El virus que causa el COVID-19 se propaga muy fácilmente y de manera continua entre las personas. La información sobre la pandemia en curso sugiere que este virus se propaga de manera más eficiente que el virus de la influenza. En general, cuanto más cercana y prolongada sea la interacción entre las personas, mayor es el riesgo de propagación del COVID-19.
Actualmente, la Organización Mundial de la Salud (OMS) ha decretado el nivel 6 de alerta de pandemia. La declaración de esta fase indica que está en marcha una pandemia mundial y se considera inevitable que siga propagándose. La fase 6 se caracteriza por una transmisión elevada y sostenida del virus a nivel comunitario en todo el mundo. La situación de pandemia declarada por la OMS implica diseminación y no mayor gravedad. Entrar en Fase 6 se refiere, por tanto, a la extensión del virus y a su transmisión sostenida, no a la gravedad clínica de la enfermedad.
Según el informe del Centro de Investigación y Política de Enfermedades Infecciosas de la Universidad de Minnesota, los estragos del nuevo coronavirus podrían mantenerse hasta dos años más y se espera que hasta un 70% de la población pudiera ser contagiado en todo el mundo. "Esto se detendrá hasta que infecte del 60 al 70% de la población. La idea de que esto acabará pronto desafía a la microbiología”, comentó Mike Osterholm, director del Centro de Investigación y Política de Enfermedades Infecciosas de la Universidad de Minnesota.
Evidentemente la vida como la conocíamos ya no será igual. Por al menos un espacio de dos años debemos vivir con la nueva realidad de higiene, de protocolos de desinfección y una medida de distanciamiento social muy alejada de nuestros habituales saludos de beso en las mejillas y abrazos. Las mascarillas o tapabocas serán nuevos accesorios que reflejarán la personalidad y el estilo.

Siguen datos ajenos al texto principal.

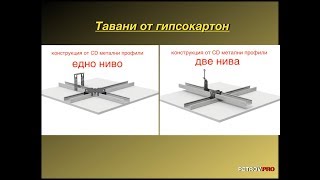 Таван от гипсокартон монтаж на конструкция [upl. by Ahsenra150]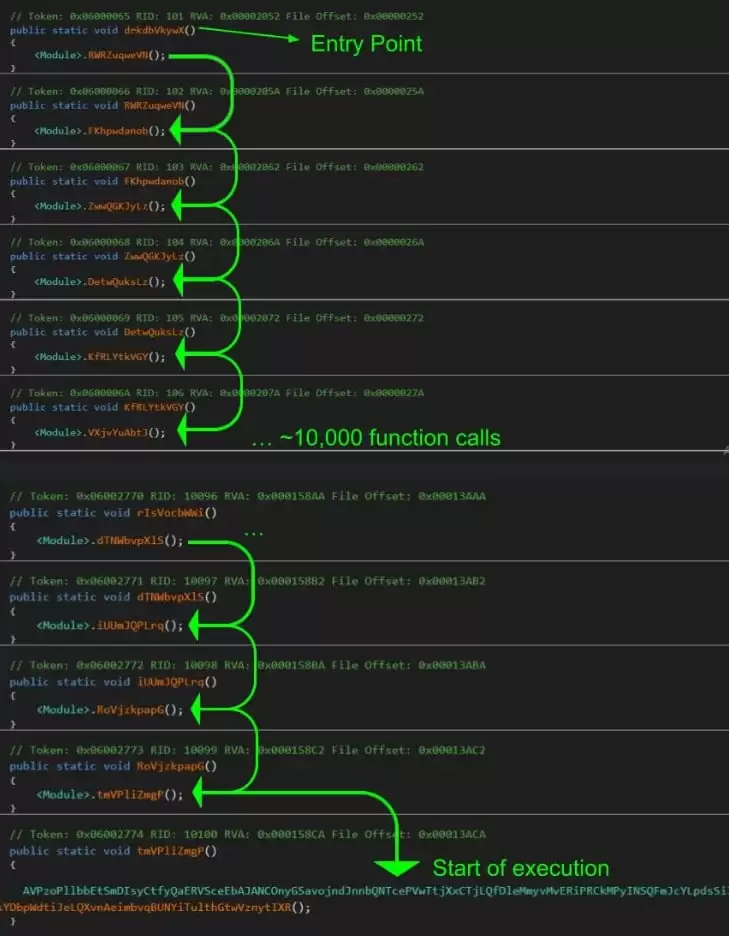警惕!新攻击伪装成Win11更新,藏在PNG图片中投毒黑掉你的电脑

Como ya lo vivimos, el trabajo y la escolaridad ya se viven desde casa y de hecho ya están siendo adoptadas como medidas permanentes en algunas empresas y universidades. Y aunque no será una realidad perenne, pues de acuerdo al nivel de la pandemia en cada región, se irán aperturando nuevos espacios y retomando ciertas libertades, si será una realidad que nos acompañará durante algún tiempo.
Cada día se recaba más data sobre el COVID-19 y se habla de inmunidad en la población mundial. Sin embargo no es cuestión de bajar la guardia. Evitar el contagio es primordial. Si nos contagiamos que sea por un evento inevitable y no por creernos héroes sin capa. El uso de la mascarilla nos acompañará por meses, quizás años. Que el entendimiento y la relación con nuestros núcleos familiares y con nosotros mismos sea un trabajo personal continuo. Y que un cordial puñito de Feliz Navidad y un fraternal codeo de Feliz Año Nuevo, sea un buen augurio para dejar atrás un 2020 que nos robó los besos y nos quebró los abrazos.